More questions about benefits. In pre-approval testing, pimavanserin did not demonstrate a statistically significant benefit in 3 of 4 clinical trials. Concerns about the lack of benefit with this drug were reinforced by new data from actual clinical use cited in FDA’s review. It showed that after just 2 months, 45% of the patients started on pimavanserin had died or discontinued the drug. FDA concluded that the most plausible explanation for the high discontinuation rate had to do with “differences in how patients and their physicians would respond to an apparent lack of efficacy” in the real world as opposed to during a clinical trial. In addition, a large new clinical trial in a different patient population, Alzheimer’s patients with psychosis, failed to show treatment benefit after 12 weeks.

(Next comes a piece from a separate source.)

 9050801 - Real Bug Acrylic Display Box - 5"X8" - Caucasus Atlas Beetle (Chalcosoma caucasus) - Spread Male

Concerns about Boxed Warning. FDA’s conclusion that no labeling changes were needed for pimavanserin was based in part on its view that even a substantial increase in mortality among patients taking the drug would be consistent with the existing Boxed Warning. The Boxed Warning says: “Increased mortality in elderly patients with dementia-related psychosis. Elderly patients with dementia-related psychosis treated with antipsychotic drugs are at an increased risk of death. NUPLAZID is not approved for the treatment of patients with dementia-related psychosis unrelated to the hallucinations and delusions associated with Parkinson’s disease psychosis.”

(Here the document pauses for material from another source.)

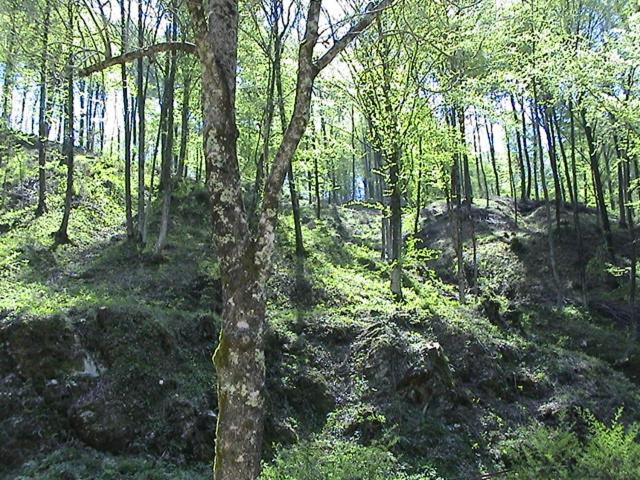 Photo 24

The problem is that this warning applies to a different patient population—elderly patients with dementia rather than patients with Parkinson’s disease experiencing hallucinations and delusions. The warning also refers to a different group of drugs, conventional antipsychotics that target dopamine neurotransmitters, and focuses on off-label use of the drug, not that pimavanserin might also increase mortality. A mortality study in Parkinson’s patients showed that using conventional antipsychotics more than doubled the risk of death.10
Conclusion. Our reassessment of the recent FDA analysis provides no new reassurance that the benefits of pimavanserin treatment outweigh its risks. Instead the post-market data and a new study warrant increased concern. FDA should re-evaluate whether evidence exists to show the benefits of pimavanserin outweigh its risks, and if it does, the agency should clarify the Boxed Warning to say plainly that these risks could apply to pimavanserin.